You could say that the white boomer parents are stupid and self-centered, and maybe that's true. But I think a lot of the issue is they didn't face these competitive pressures when they were young, and they haven't really wrapped their minds around the fact that the world is different for their kids.

 

Just because someone is making $500K doesn’t mean they can afford to send their kid to private college. We can’t judge someone for what they choose to do with their money or can/cannot do with their money.
 

$500K per year household income is a huge amount, but you have no clue how they are spending it. For starters, $500K gets whittled down to $250k-$300K post tax. They still need to save for their own retirement. Plus you don’t know what else they spend - maybe they spend money every year supporting an ailing grandmother. Now, add college to that for one kind - it’s $50K - that’s 20% of their take home pay, post tax (assuming $250K post tax). Add another kid and you are at 40% of your take home pay. You can’t judge someone / comment based on cultural norms or what you perceive they have because you have absolutely no idea what’s going on in the background. 

 

I said state school… not private school probably closer to 30k a year

 

Okay..so state school at $30K, that’s still more than 10% of the take home pay I referenced. That’s huge. Being that you seem young because your profile references ‘analyst 1’ - I am going to assume you’re 22-24. I don’t think you have a grasp quite yet of how expensive life really is and you are judging this person on how they chose too/are able to, spend their money. Just because it sounds like they should be able to spend the money doesn’t mean they can. And I know you’re saying to yourself right now, well I’m never going to do that to my kids, but it happens all the time. You think one way until you arrive and realize holy sh*t, I never realized how this would really be. 

Here’s a great example article (from one of my favorite finance websites) on how, while although $500K per year is definitively rich, it can still lead to not really having much left over at the end of the year in a HCOL city. 
 

https://www.financialsamurai.com/scraping-by-on-500000-a-year-high-inco…

 

Dude if you're making 500k consistently annually and can't afford your kid's tuition there's a serious spending problem somewhere. No other way to slice it c'mon. As for living NYC, then I guess you are right, but why the hell do people continue to subject themselves to NYC when they could get nearly the same opportunities and social experience in several for half the price in several other cities in the country?

 

If you’re living in NYC, or many of the HCOL cities in the country, it’s unfortunate but $500K doesn’t go as far and it’s crazy, but it gets eaten up real fast.
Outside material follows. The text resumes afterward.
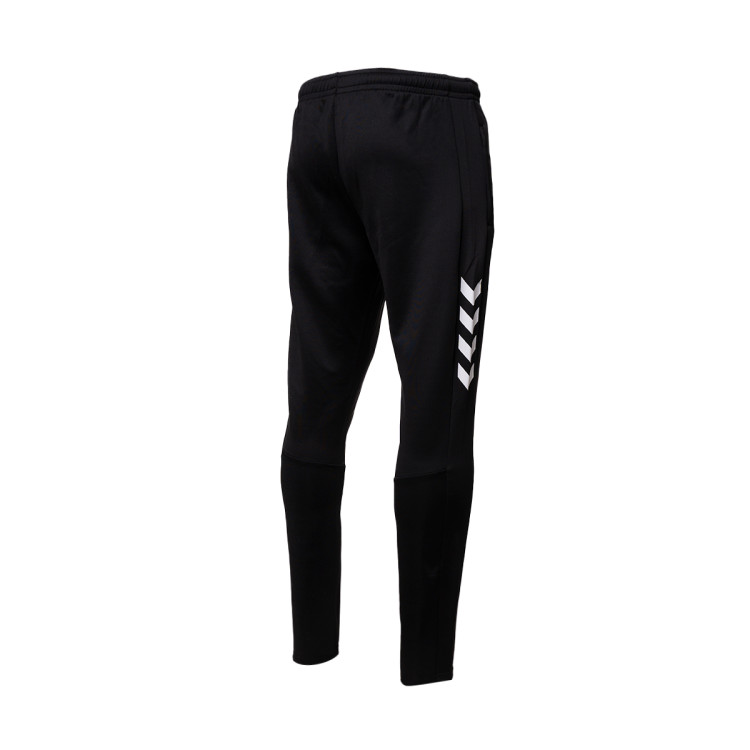 pantalon-largo-hummel-ud-las-palmas-training-2022-2023-black-1.jpg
It’s just a reality of these expensive cities. As to why someone doesn’t leave because of that - I can’t really answer that but there are a plethora of reasons. For some, it’s the job - they won’t make as much elsewhere. Others have family ties and want to stay. More people just punt and hope they earn enough to fix it. And the last one I can think of off the top of my head - these HCOL cities are sometimes a lifestyle choice. And if you choose to stay, have two kids, need to get a three bedroom in NYC on the upper east side (or west), life gets really expensive really fast. I would love to hear some of the other older users chime in on here, but I would wager the 22-24 year old crowd just doesn’t realize how quickly life’s expenses add up. Especially if you want to be in the city you work in, or life in a suburb close enough to keep your commute under an hour. 

 

Every family approaches college and tuition differently and while there’s no right answer, the approach will determine if/where the kid goes.

Some examples of family friends + my own family:

1. Grandparents pay 100% of what’s not covered by FA. The expectation of each generation pays for their grandkids tuition. Family has a decent chunk of money and it’s inherited later in life to avoid college tuition/ungrateful children.
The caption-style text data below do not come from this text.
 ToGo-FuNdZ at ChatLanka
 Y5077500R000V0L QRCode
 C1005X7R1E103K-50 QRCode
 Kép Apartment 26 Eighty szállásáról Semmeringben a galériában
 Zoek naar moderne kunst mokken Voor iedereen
2. Parents pay full tuition to state school (or out-of-state tuition exchange schools) or private schools of the same amount. Kids are expected to qualify for the highest automatic merit scholarship. This family will also pay for med school/law school. 2 kids in this family are currently in med school.

3. You can go wherever you want (full pay family with 8 kids) but you have to pay me back mentality. The parents in this family can’t figure out why none of the kids want to live on campus (parents want an empty nest). Kids are guaranteed a job at the family business if they graduate college (business pays well, would guess 80k/year first year in a LCOL city)

4. Family does not qualify for FA and refuses to pay for college. They live in a nice house and paid 15/yr for catholic prep school in grades 7-12 (they live in the #1 school district in the state). I feel bad for this girl because she graduated in 2020 and did 1 semester of online school and then dropped out because of the wasn’t learning + hefty price tag. Parents are upset she dropped out of college. Everyone is kind of confused why the parents put the kid in this position.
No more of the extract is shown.